1En dehors des cercles d’économistes universitaires conventionnels, la conscience grandit de l’inadéquation profonde des modèles utilisés par ces derniers en vue de rendre compte de l’impact des dérèglements écologiques et, plus encore, de la manière dont nos sociétés peuvent y faire face. Plusieurs revues de littérature critiques ont déjà été publiées, ou sont en passe de l’être, à ce sujet [1]. Parallèlement, différentes pistes d’amélioration ont été explorées, quoique trop timidement. Elles esquissent un programme de recherche pour les prochaines décennies. Ce sont ces deux aspects – les principaux griefs adressés aux modèles hybrides [2] et les voies d’un renouveau de la science économique – que je voudrais analyser dans ce qui suit.

2Comme l’écrit Alain Supiot [3], « seul le choc du réel peut nous faire sortir du sommeil dogmatique ». S’ils veulent contribuer aux solutions du problème écologique, les économistes conventionnels doivent se réveiller très vite !
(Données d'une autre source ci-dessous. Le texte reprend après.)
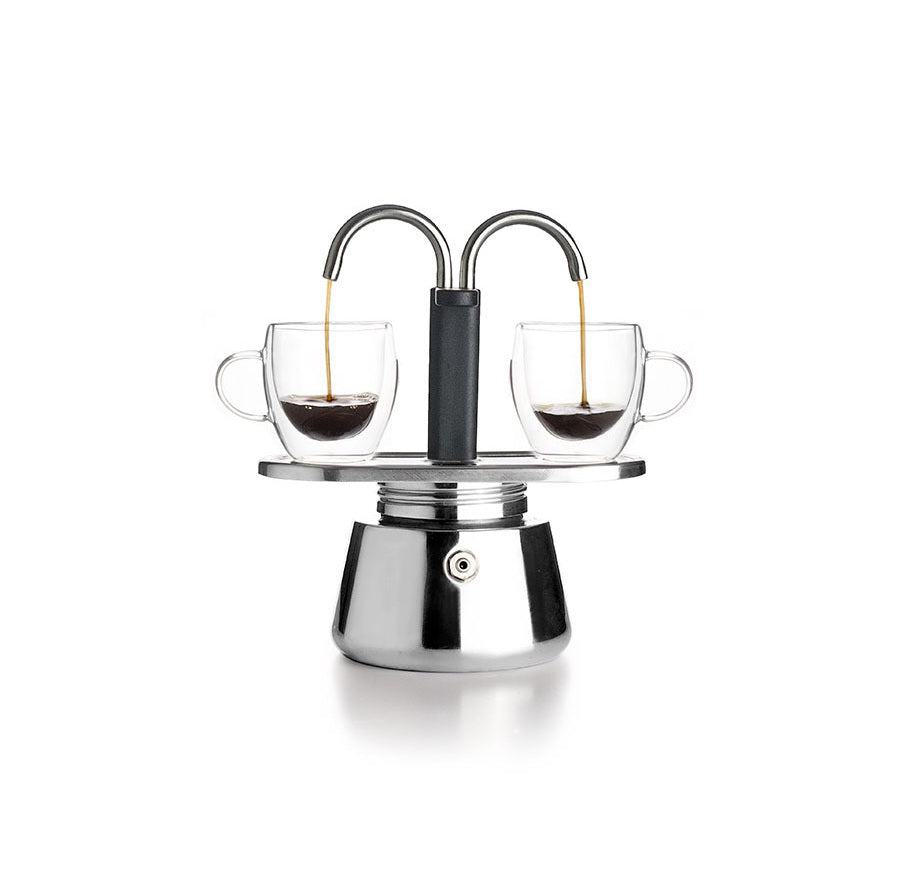 Cafeteira expresso para 2 chavenas Ibili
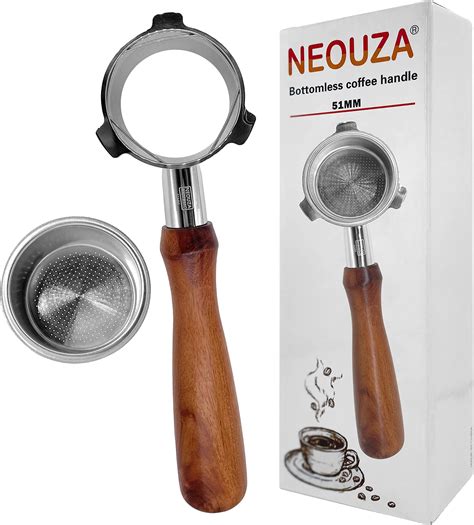 Amazon Neouza Mm Bottomless Portafilter Compatible With De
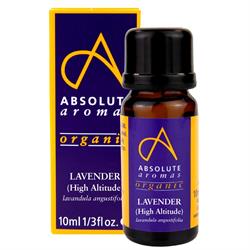 Absolute Aromas Organic Lavender Oil 10ml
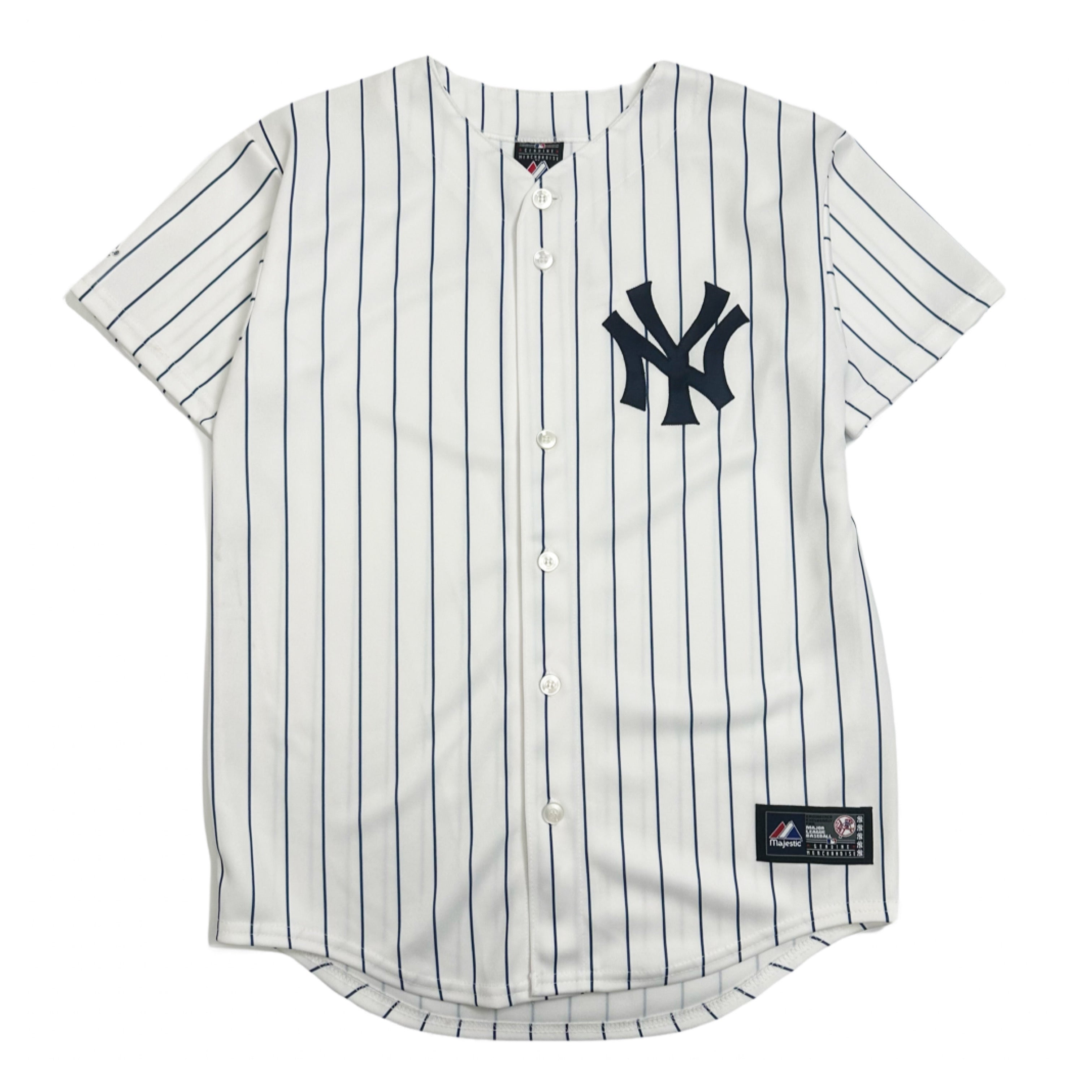 Majestic New York Yankees MLB Jersey Women's L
Incapacité des modèles IAMs conventionnels à appréhender le réel

3Peut-être le point de départ des problèmes épistémologiques auxquels se heurtent les modèles IAMs néo-classiques tient-il à l’idée même de valorisation du monde sous forme de « capital ». Un capital est une ressource que l’on entend faire fructifier, et dont on estime la valeur présente en fonction de la somme actualisée des revenus qu’elle est susceptible de générer à l’avenir. Pratique ancienne que celle de la « capitalisation » puisqu’elle remonte au moins aux banques italiennes du XIVe siècle, mais qui n’a envahi nos manières de penser, de compter et d’apprécier la valeur des choses que depuis un siècle environ [4]. La conséquence de cette appréhension fondamentalement financière du réel comme composé de « capitaux » plus ou moins productifs est que l’économie néo-classique croit légitime de juger des effets d’une politique publique en termes d’analyse coût-bénéfice [5] qui reproduit très exactement les termes d’un problème de « capitalisation ». La quasi-totalité des IAMs conventionnels (à commencer par les plus anciens d’entre eux [6]) postule que l’écheveau des problèmes écologiques peut se ramener à la maximisation d’une somme actualisée de dépenses et de recettes. Or, une telle approche suppose que l’on soit en mesure d’estimer à l’avance avec suffisamment de précision les gains et les pertes attendues pour que l’ensemble du problème ainsi posé ait un sens : quelles seront les pertes induites sur l’économie vietnamienne par la submersion du delta du Mékong (qui est aujourd’hui le grenier à riz du Vietnam) ? Ou encore de la disparition des insectes ? Personne n’est sérieusement capable, aujourd’hui, de faire de telles estimations monétaires (même si elles ont été tentées).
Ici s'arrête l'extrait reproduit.